My techniques had limitations (which I have described above). However, when these tests are carried out in a clinical lab, both the tests and data that they give are more superior to mine. The main reasons for this is that the results that you obtain from the tests carried out in a clinical lab give quantitative results. There is a ‘normal’ range of the amount of amylase that a person that is not suffering from pancreatitis has. This range is 70- 235U/L. A person who is suffering from pancreatitis exceeds this range and their levels of amylase can go up to 250- 4200U/L.

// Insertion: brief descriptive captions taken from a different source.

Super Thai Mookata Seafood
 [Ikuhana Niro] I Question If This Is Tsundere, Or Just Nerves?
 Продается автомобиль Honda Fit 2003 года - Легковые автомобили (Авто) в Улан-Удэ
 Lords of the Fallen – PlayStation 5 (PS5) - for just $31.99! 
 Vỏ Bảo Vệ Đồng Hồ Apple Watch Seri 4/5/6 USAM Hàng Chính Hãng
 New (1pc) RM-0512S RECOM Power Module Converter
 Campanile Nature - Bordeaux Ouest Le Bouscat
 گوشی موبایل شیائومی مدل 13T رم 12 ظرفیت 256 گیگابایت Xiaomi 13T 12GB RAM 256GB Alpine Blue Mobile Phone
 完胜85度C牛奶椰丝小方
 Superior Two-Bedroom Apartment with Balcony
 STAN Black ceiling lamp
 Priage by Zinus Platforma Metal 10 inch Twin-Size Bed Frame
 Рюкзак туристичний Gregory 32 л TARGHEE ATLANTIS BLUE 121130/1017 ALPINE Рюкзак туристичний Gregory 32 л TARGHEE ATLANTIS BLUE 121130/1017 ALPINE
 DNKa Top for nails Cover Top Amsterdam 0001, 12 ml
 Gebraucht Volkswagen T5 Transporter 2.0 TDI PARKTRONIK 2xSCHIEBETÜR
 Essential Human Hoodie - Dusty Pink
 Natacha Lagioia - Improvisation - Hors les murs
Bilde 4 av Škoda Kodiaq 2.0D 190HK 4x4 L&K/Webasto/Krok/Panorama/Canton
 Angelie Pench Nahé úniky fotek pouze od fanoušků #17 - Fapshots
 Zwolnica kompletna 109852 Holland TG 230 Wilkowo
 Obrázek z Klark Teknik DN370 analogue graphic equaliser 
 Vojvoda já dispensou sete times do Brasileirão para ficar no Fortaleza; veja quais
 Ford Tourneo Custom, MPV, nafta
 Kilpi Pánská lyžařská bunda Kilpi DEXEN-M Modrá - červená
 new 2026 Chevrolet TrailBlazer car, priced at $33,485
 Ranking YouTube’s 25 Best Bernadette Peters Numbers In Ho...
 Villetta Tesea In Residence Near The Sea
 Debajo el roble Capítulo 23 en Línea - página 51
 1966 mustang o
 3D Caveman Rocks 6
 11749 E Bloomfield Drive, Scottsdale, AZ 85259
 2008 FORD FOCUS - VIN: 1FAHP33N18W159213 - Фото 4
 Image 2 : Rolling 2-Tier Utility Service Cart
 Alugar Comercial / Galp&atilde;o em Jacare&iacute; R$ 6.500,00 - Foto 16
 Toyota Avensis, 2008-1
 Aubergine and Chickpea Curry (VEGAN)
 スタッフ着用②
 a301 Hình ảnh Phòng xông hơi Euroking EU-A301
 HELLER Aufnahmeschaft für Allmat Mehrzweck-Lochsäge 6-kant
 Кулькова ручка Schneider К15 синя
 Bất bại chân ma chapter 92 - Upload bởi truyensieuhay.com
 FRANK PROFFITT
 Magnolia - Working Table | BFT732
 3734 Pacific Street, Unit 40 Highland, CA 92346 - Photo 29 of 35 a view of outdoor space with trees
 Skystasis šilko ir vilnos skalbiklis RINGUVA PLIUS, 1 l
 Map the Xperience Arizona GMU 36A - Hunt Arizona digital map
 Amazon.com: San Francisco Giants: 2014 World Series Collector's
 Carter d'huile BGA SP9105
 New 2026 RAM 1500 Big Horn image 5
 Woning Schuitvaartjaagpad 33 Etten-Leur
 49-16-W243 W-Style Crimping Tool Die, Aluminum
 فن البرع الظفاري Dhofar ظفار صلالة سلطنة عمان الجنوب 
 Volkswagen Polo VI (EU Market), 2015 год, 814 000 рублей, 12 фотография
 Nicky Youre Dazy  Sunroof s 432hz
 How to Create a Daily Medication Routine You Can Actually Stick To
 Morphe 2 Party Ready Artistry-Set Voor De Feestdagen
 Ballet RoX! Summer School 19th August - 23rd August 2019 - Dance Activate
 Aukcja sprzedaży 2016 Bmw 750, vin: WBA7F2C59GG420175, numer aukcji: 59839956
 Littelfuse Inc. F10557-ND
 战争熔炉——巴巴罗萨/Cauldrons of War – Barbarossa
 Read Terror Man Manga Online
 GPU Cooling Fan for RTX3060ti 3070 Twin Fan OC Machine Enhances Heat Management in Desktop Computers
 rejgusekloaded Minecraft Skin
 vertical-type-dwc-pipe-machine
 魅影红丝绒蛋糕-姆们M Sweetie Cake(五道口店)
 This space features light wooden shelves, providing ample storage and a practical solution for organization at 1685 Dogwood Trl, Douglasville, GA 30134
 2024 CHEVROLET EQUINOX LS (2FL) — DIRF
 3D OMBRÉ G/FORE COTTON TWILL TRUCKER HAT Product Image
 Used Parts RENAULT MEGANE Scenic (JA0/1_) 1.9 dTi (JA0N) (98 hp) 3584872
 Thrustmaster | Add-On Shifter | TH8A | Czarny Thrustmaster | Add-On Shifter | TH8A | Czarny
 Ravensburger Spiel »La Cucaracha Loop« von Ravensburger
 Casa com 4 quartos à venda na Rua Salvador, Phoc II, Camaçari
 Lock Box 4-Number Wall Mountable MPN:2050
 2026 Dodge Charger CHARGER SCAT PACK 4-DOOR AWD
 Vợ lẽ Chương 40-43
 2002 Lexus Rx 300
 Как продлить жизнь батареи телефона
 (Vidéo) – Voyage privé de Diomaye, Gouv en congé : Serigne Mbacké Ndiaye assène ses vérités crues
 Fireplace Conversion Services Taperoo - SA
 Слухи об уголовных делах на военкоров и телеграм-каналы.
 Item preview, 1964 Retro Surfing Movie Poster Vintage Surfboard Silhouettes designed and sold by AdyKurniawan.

In a clinical laboratory the length of the test is longer then mine, and also the results are quantitative whereas my results are qualitative. A normal person’s values for a faecal fat test are 7g/24h whereas a pancreatitis patients values of faecal fat are greater than 15g/24h and Because these are quantitative results, they are far superior to mine.
Task 7:
These days, there are many ways of diagnosing Pancreatitis and I have chosen to describe one of them below:
Trypsin Based Tests:
Several different tests have been developed that looks at the levels of trypsinogen in the plasma or urine. Immunoreactive trypsinogen (use antibodies for trypsinogen to detect the enzyme) tests are done on plasma. A ‘dipstick’ for testing urine for trypsinogen has now been developed.1 Trypsin in the faeces is measured by using digestion of gelatine on X- Ray film. 5g of faeces are needed and pancreatitis is diagnosed if the test is positive at a dilution of •1/10.5 Trypsin in the faeces can also be measured using spectrophotometry. However, decreased levels are not obvious until •95% of the pancreas has been destroyed2.